__YOUR ASSIGNMENT__
Without the pictures, write the listing out again exactly as it appears.

__RECORDS FOR THE EXERCISE__

^^^^^^^^^^^^^^^^

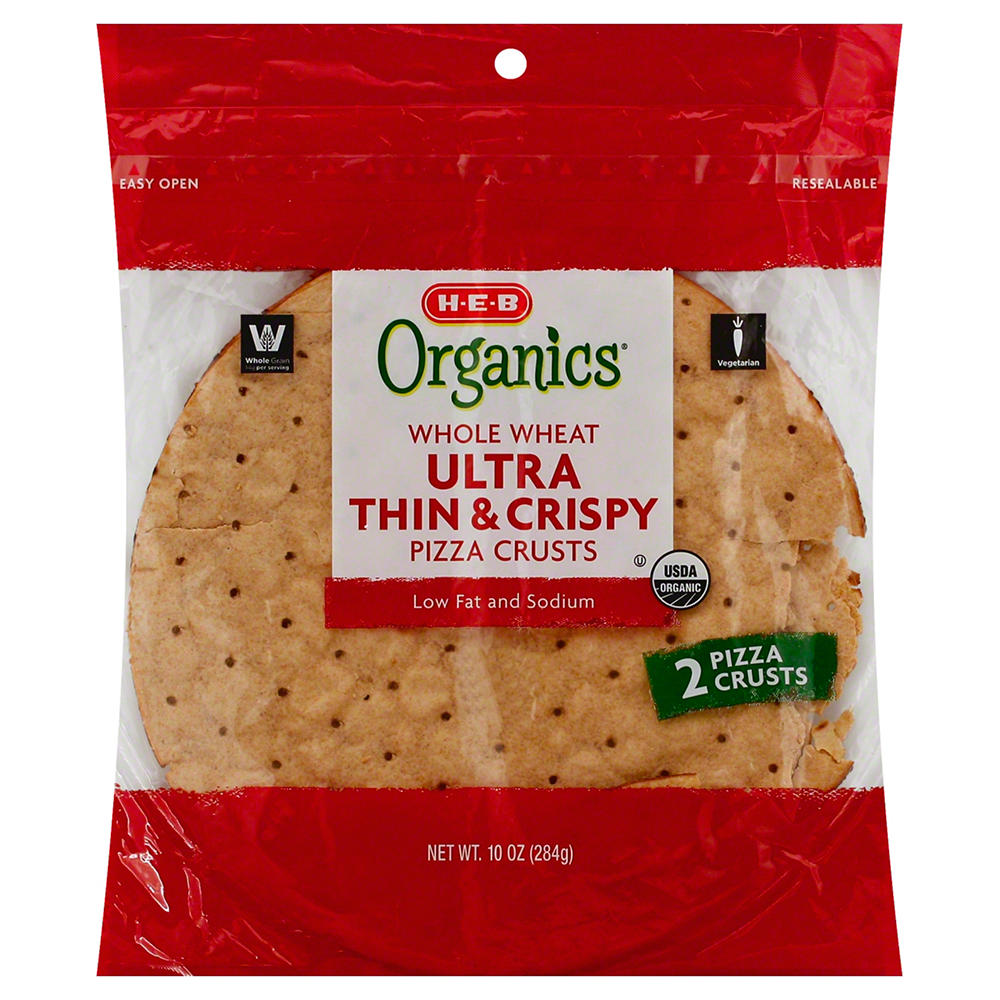 H-E-B Organics Whole Wheat Thin & Crispy Pizza Crusts, 2 ct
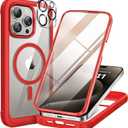 Miracase Magnetic for iPhone 15 Pro Case Full-Body Bumper Phone case with Built-in Glass Screen Protector& Camera Protector, Military Drop Proof 15 Pro Cover, Magnetic Red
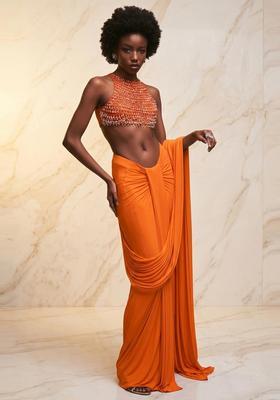 Bright Orange Embroidered Handwork Pre Draped Saree Set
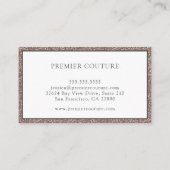 Elegante Rose Gold Glitzer Visitenkarte (Rückseite)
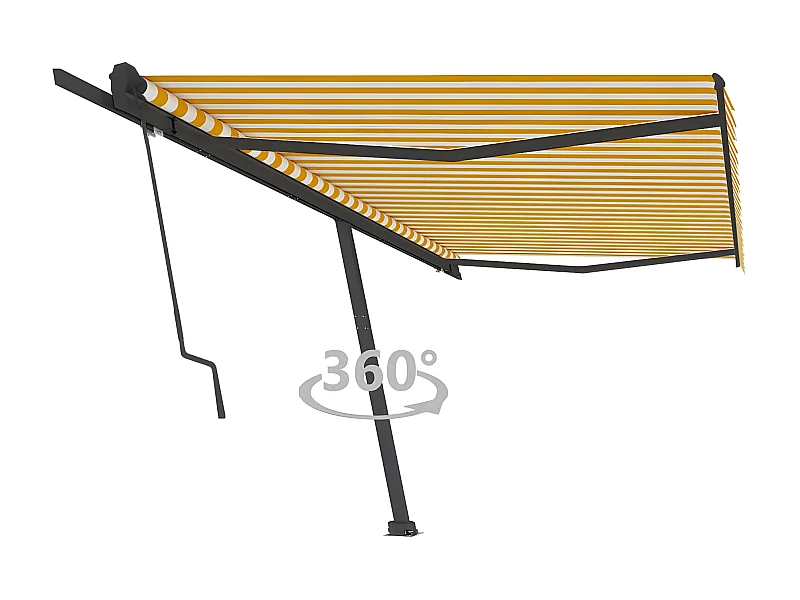 Automatische luifel op voet 500x350 Geel/Wit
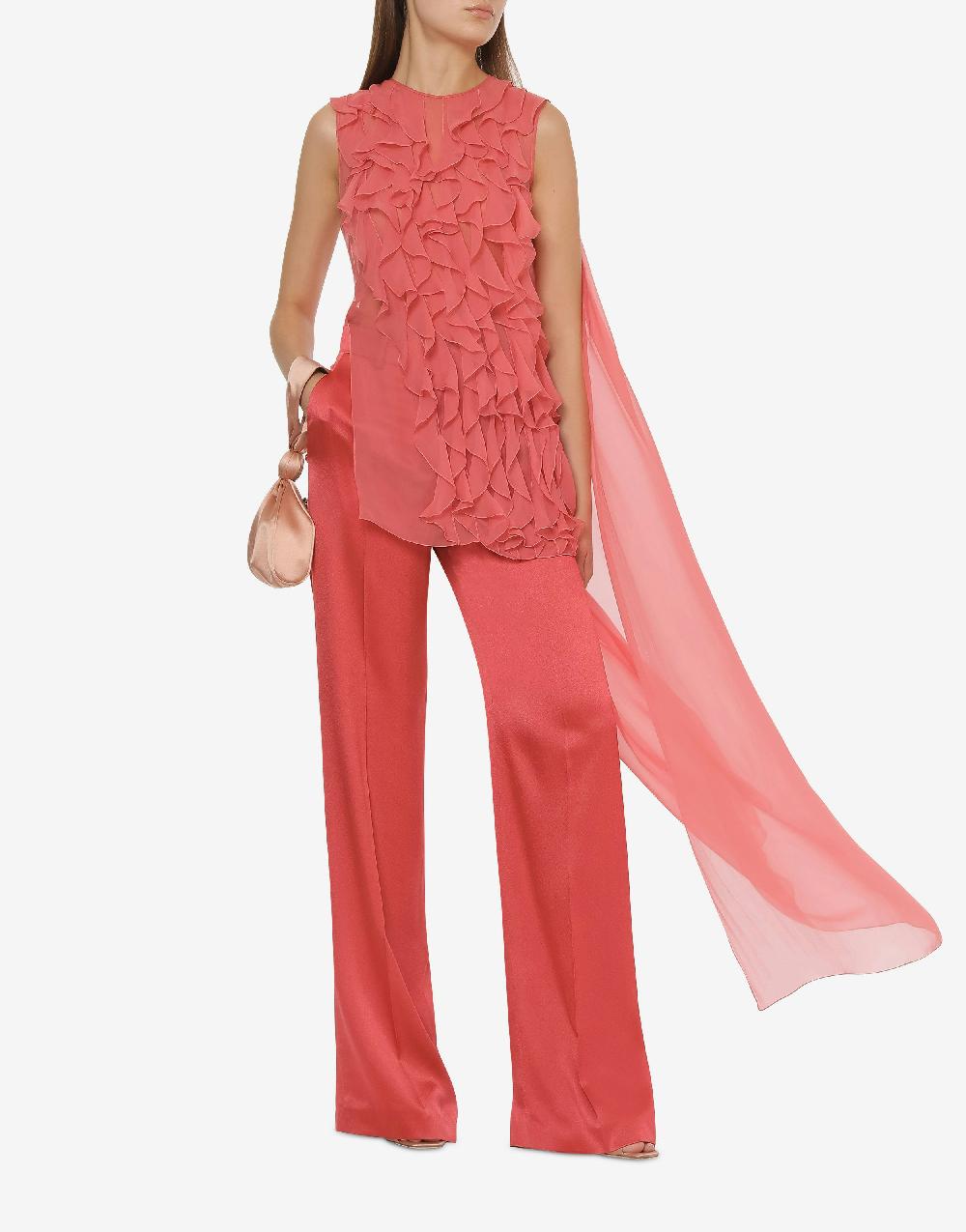Alberta Ferretti Blusa in chiffon organico con ruches Acquista Ora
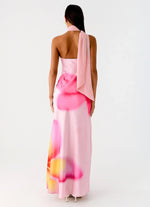 Isa Scarf Satin Maxi Dress - Frangipani Pink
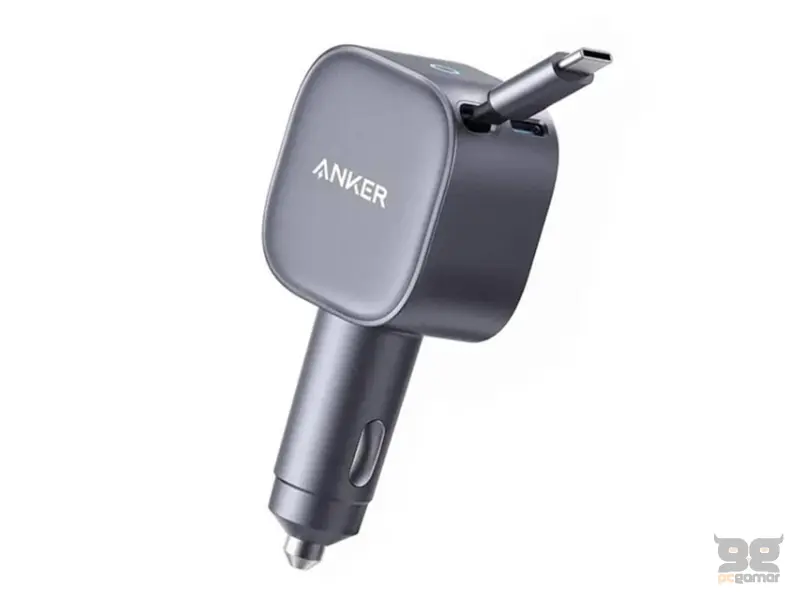 ANKER Nano 75W, sa ugrađenim USB-C kablom na izvlačenje i USB-C portom, auto punjač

^^^^^^^^^^^^^^^^

__SOLUTION FOR THIS PROBLEM__
 H-E-B Organics Whole Wheat Thin & Crispy Pizza Crusts, 2 ct
 Miracase Magnetic for iPhone 15 Pro Case Full-Body Bumper Phone case with Built-in Glass Screen Protector& Camera Protector, Military Drop Proof 15 Pro Cover, Magnetic Red
 Bright Orange Embroidered Handwork Pre Draped Saree Set
 Elegante Rose Gold Glitzer Visitenkarte (Rückseite)
 Automatische luifel op voet 500x350 Geel/Wit
Alberta Ferretti Blusa in chiffon organico con ruches Acquista Ora
 Isa Scarf Satin Maxi Dress - Frangipani Pink
 ANKER Nano 75W, sa ugrađenim USB-C kablom na izvlačenje i USB-C portom, auto punjač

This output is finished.